Sabtu, 06 Juli 2013

Everything start from a dream

Kejarlah cita-citamu hingga ke negeri Cina. Gantungkanlah cita-citamu hingga setinggi atap langit. Kita sering mendengar kalimat tersebut diucapkan di mana-mana. Tapi buatku kalimat tersebut tidak pernah berarti apa-apa. Hanya sebuah kalimat biasa tanpa ada pengaruhnya dalam kehidupanku. Tidak menjadi pencambukku untuk mengejar cita-cita sampai ke Cina apalagi terbang  hingga ke atas langit sana.
Ayahku seorang penulis, dulunya. Tapi sudah belasan tahun ini ia menggantungkan penanya, tidak lagi mengais rezeki dari bidang, dari keahlian yang pada akhirnya diturunkannya padaku itu. “Zaman sekarang saingannya berat kalo mau buat sinetron,” Begitu ucapan ayahku kala itu. PH (Production House) yang menaungi ayahku hanyalah PH kecil, PH yg baru merintis sehingga rasanya sulit sekali harus bersaing dengan PH-PH besar lainnya. Jadilah PH tempat ayahku mengabdi itu tutup. Semenjak itu ayahku bekerja serabutan, apa saja yang penting bisa mencukupi kebutuhan, yang penting dapur ngebul, begitu biasa orang bilang.
Sedari kecil, walaupun ayahku adalah penulis dan beliau selalu mendukung hobiku tersebut tapi selalu ada sekat, penghalang buatku untuk terus belajar dan mengembangkan hobiku itu.
Kenapa?
Karena kehidupan keluargaku biasa-biasa saja sedari dulu, sehingga untuk membeli 1 buah novel saja rasanya sayang sekali “lebih baik untuk membeli pakaian dan makanan,” ujar ibuku kala itu. Aku tak selalu mendengarkan ucapan ibuku itu, ada kalanya aku tetap membeli novel kesukaanku, tapi itu tak selalu.
Sempat aku menyalahkan ibuku walaupun pada akhirnya aku mengerti mengapa ibuku berlaku demikian. Berbeda dengan ayah yang suka membaca. Ibu adalah ibu rumah tangga biasa yang selalu berpikiran sederhana, bahwa membeli buku sama saja dengan membuang uang. Membeli sekumpulan kertas yang hanya bisa dibaca sebentar saja lantas disimpan. Aku mengerti jalan pikiran ibuku yang sederhana itu dan aku tidak menyalahkannya.

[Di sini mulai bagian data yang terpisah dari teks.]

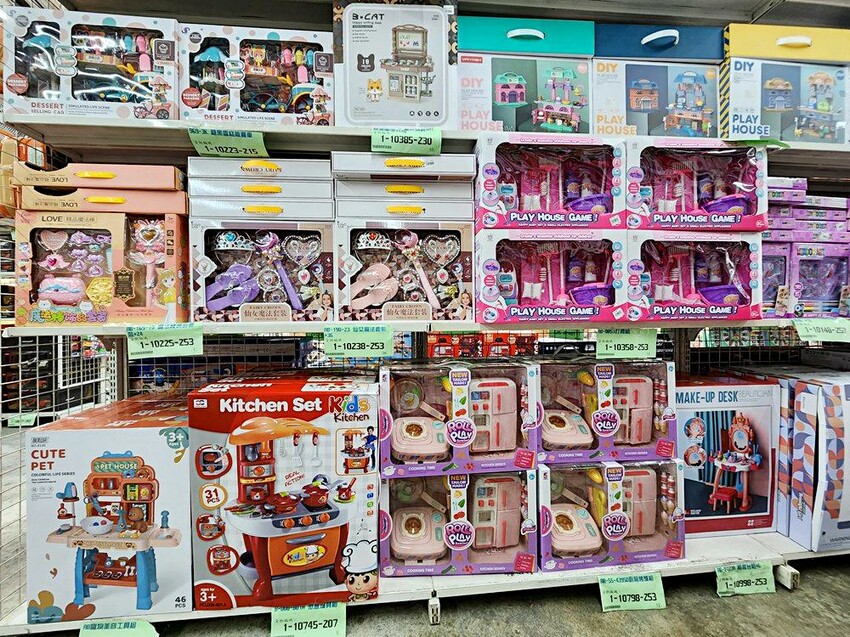 過年買玩具就來這！在地超人氣玩具倉庫，品項超多又便宜，小心走進去就不出來～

Tapi…  Aku menyalahkan keadaan. Aku ingin belajar banyak hal tapi kesempatan itu tidak pernah ada. Mengapa keadaan tidak pernah mengerti kebutuhanku?
 Aku ingin seperti anak-anak lainnya yang memiliki kesempatan untuk belajar banyak hal dan bisa menjadi manusia berguna dikemudian hari. Tapi mana kesempatan itu? Mana? Apakah kesempatan hanya datang kepada mereka-mereka yang berada, yang mampu membeli ini dan itu tanpa harus bersusah payah. Apakah demikian??  Mengapa tidak adilnya Tuhan padaku?
Aku memiliki idealisme untuk menajdi penulis hebat. Tapi pada akhirnya aku menyerah, aku lelah. Susah payah aku membuat novel, kuselesaikan dengan segala keterbatasan dengan segala perjuangan. Tapi mana? Tidak ada penerbit yang mau menerimanya. Mungkin lembaran novelku itu dibuang begitu saja oleh para penerbit itu untuk kemudian jatuh ke tangan tukang loak. Mendarat di tukang sayur untuk membungkus cabai dan bawang yang biasa kalian beli di sana. Dan yang terakhir, lembaran naskah novelku itu pun terlempar di suatu tempat yang bau dan kotor, berbaur dengan sampah-sampah lainnya di bandar gebang. Miris. Sesuatu yang kuanggap berharga hanya akan menjadi tumpukan sampah pada akhirnya.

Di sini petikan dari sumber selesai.